Introduction to ‘cpp11armadillo’

Motivations

The development of cpp11armadillo emerges from the desire to follow a simplified approach towards R and C++ integration by building on top of cpp11, a ground up rewrite of C++ bindings to R with different design trade-offs and features. cpp11armadillo aims at providing an additional layer to put the end-user focus on the computation instead of configuration (Vaughan, Hester, and François 2023).

Armadillo is a linear algebra library for the C++ language, aiming towards a good balance between speed and ease of use. It is justified in the fact that C++, in its current form, is very valuable to address bottlenecks that we find with interpreted languages such as R and Python but it does not provide data structures nor functions for linear algebra (Sanderson and Curtin 2016).

RcppArmadillo was first published to CRAN in 2010, and it allows to use Armadillo via Rcpp, a widely extended R package to call C++ functions from R (Eddelbuettel and Sanderson 2014).

Design choices

The design choices in cpp11armadillo are:

These ideas reflect a comprehensive effort to provide an efficient interface for integrating C++ and R that aligns with the Tidy philosophy (Wickham et al. 2019), addressing both the technical and community-driven aspects that influence software evolution.
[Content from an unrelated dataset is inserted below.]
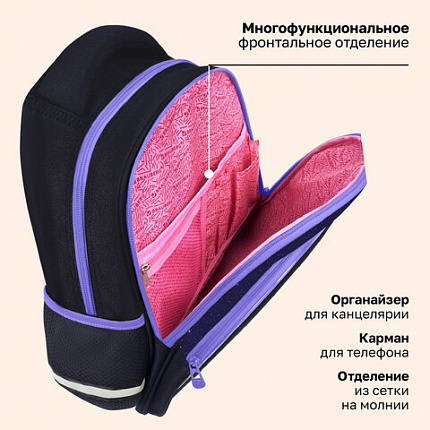 Рюкзак BRAUBERG OPTIMA, 2 отделения, с брелоком, "Сияющий котик", 36х27х18 см, 274417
These choices have advantages and disadvantages. A disadvantage is that cpp11armadillo will not convert data types automatically, the user must be explicit about data types, especially when passing data from R to C++ and then exporting the final computation back to R. An advantage is that cpp11armadillo codes, including its internal templates, can be adapted to work with Python via pybind11 (Jakob, Rhinelander, and Moldovan 2016).
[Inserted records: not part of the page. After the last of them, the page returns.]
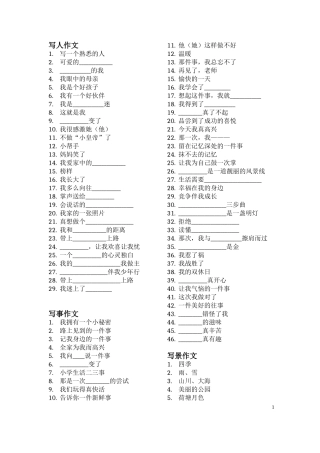 小学各年级分类作文题目大全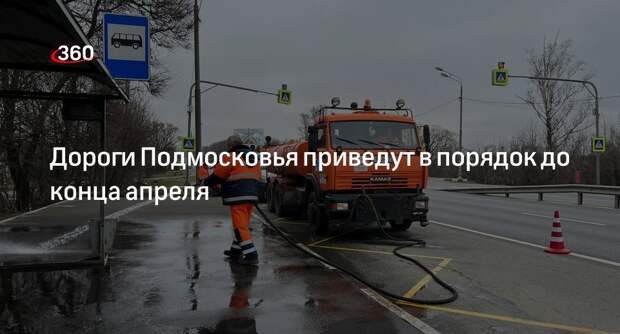 Дороги Подмосковья приведут в порядок до конца апреля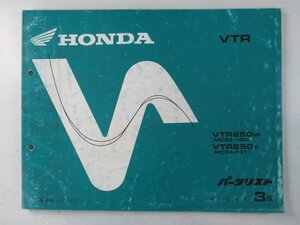 VTR250 パーツリスト 3版 ホンダ 正規 中古 バイク 整備書 MC33 MC15E VTR250W MC33-100 VTR250Y MC33-101 車検 パーツカタログ 整備書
cpp11armadillo uses Hansen (2022) notation, meaning that matrices are column-major and vectors are expressed as column vectors (i.e., \(N\times1\) matrices).

Examples

Convention: input R matrices are denoted by x, y, z, and output or intermediate C++ matrices are denoted by X, Y, Z. The example functions can be called from R scripts and should have proper headers as in the following code:

#include <armadillo.hpp>
#include <cpp11.hpp>
#include <cpp11armadillo.hpp>

using namespace arma;
using namespace cpp11;

[[cpp11::register]] // allows using the function in R
doubles_matrix<> solve_mat(doubles_matrix<> x) {
  Mat<double> Y = as_Mat(x); // convert from R to C++
  Mat<double> Yinv = inv(Y); // Y^(-1)
  return as_doubles_matrix(Yinv); // convert from C++ to R
}

This example includes the Armadillo, cpp11 and cpp11armadillo libraries, and allows interfacing C++ with R (i.e., the #include <cpp11.hpp>). It also loads the corresponding namespaces (i.e., the using namespace cpp11) in order to simplify the notation (i.e., using Mat instead of arma::Mat).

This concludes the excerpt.